*** Information Section Begins ***

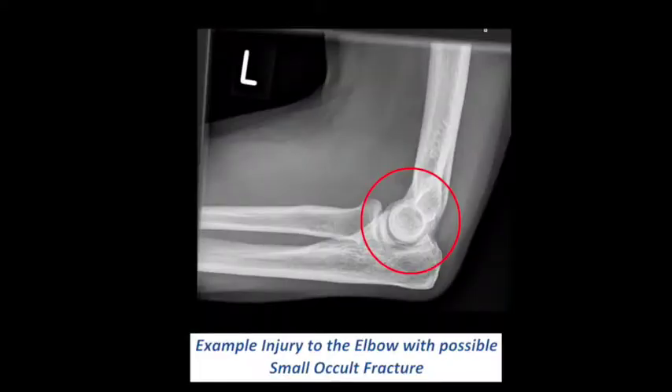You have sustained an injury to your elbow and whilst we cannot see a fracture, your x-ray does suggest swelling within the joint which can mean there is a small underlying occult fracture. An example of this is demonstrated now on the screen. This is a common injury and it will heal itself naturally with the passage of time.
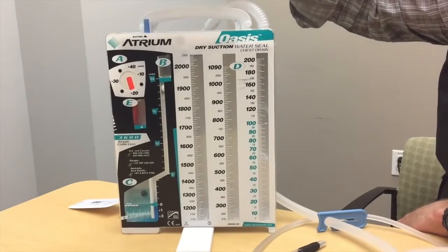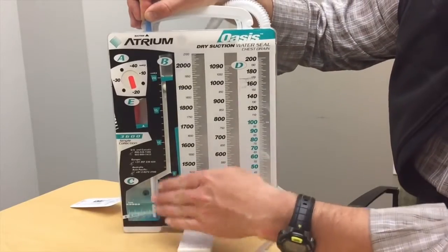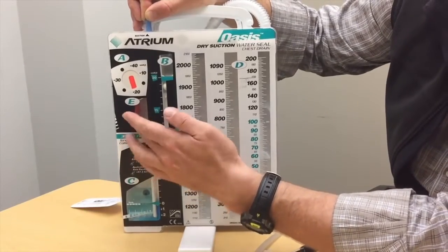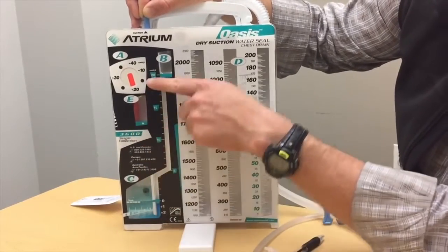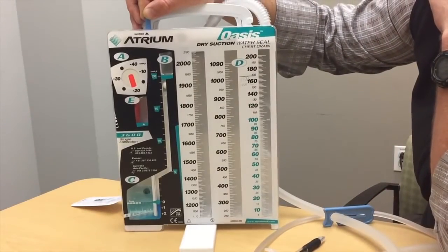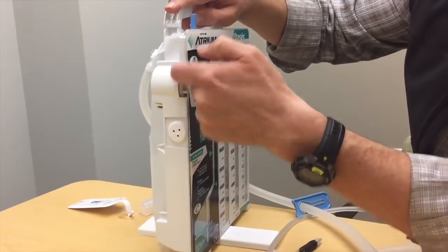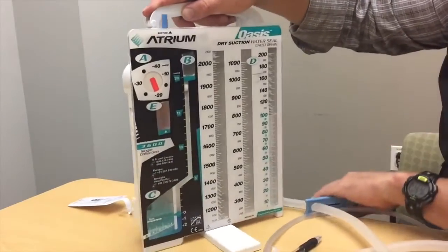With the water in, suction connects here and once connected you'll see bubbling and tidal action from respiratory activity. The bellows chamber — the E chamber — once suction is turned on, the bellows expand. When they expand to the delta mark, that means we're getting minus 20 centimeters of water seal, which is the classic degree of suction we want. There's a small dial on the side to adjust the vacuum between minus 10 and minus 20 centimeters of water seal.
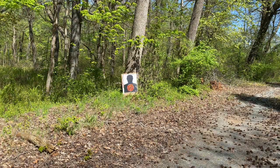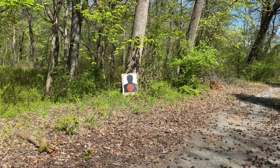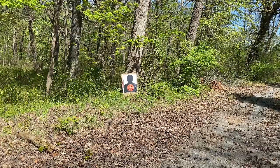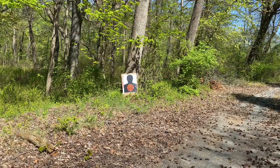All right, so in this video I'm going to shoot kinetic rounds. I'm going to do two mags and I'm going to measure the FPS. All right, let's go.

*** Information Section Ends ***
*** Information Section Begins ***

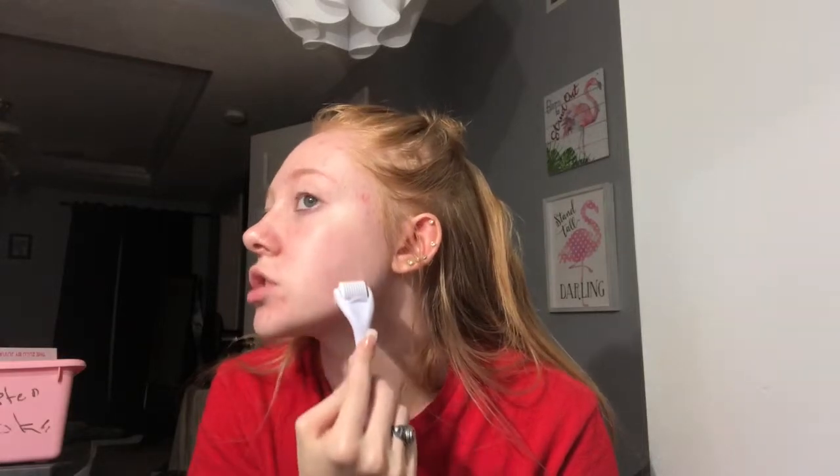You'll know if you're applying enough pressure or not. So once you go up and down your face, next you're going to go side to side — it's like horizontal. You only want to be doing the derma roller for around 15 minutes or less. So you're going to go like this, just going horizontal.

*** Information Section Ends ***

Task brief
From the material above, reproduce only what runs from the line holding "You have sustained" down to the line holding "All right, so", both included, pictures excluded.

Output of the exercise
You have sustained an injury to your elbow and whilst we cannot see a fracture, your x-ray does suggest swelling within the joint which can mean there is a small underlying occult fracture. An example of this is demonstrated now on the screen. This is a common injury and it will heal itself naturally with the passage of time.
With the water in, suction connects here and once connected you'll see bubbling and tidal action from respiratory activity. The bellows chamber — the E chamber — once suction is turned on, the bellows expand. When they expand to the delta mark, that means we're getting minus 20 centimeters of water seal, which is the classic degree of suction we want. There's a small dial on the side to adjust the vacuum between minus 10 and minus 20 centimeters of water seal.
All right, so in this video I'm going to shoot kinetic rounds. I'm going to do two mags and I'm going to measure the FPS. All right, let's go.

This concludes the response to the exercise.